___ INFORMATION PROVIDED

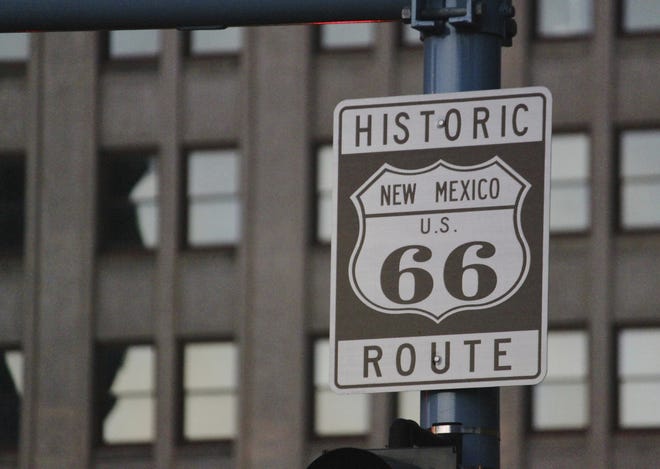 this file photo shows one of the signs along historic Route 66 in downtown Albuquerque, N.M. Route 66, the historic American roadway that linked Chicago to the West Coast, soon may be dropped from a National Park Service preservation program. A federal law authorizing the Route 66 Corridor Preservation Program is set to expire in two years and with it would go millions of dollars in grants for reviving old tourist spots in struggling towns. [Susan Montoya Bryan/AP]
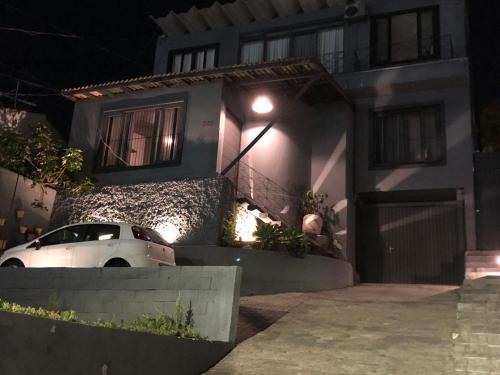 ein Auto, das nachts vor einem Haus parkt in der Unterkunft CASA CONCEITO - studio panoramico, suites e quartos in São José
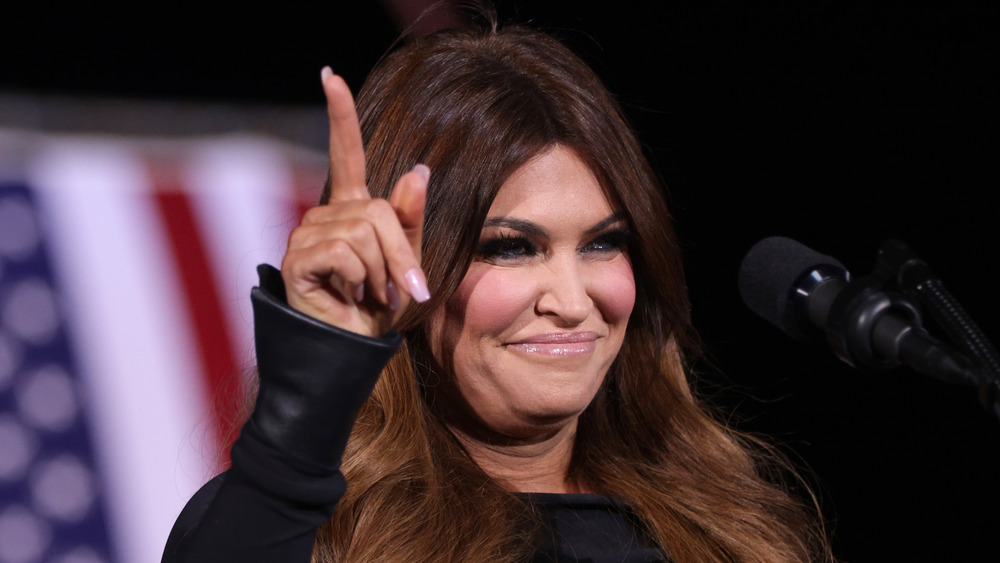 Kimberly Guilfoyle grinning holding up pointer finger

______

**WHAT YOU SHOULD DO:**
Exactly the lines from the one containing "ein Auto, das" through the end of the data above: repeat those, both ends included, and nothing else. Skip the pictures.

**RESPONSE AREA:**
 ein Auto, das nachts vor einem Haus parkt in der Unterkunft CASA CONCEITO - studio panoramico, suites e quartos in São José
 Kimberly Guilfoyle grinning holding up pointer finger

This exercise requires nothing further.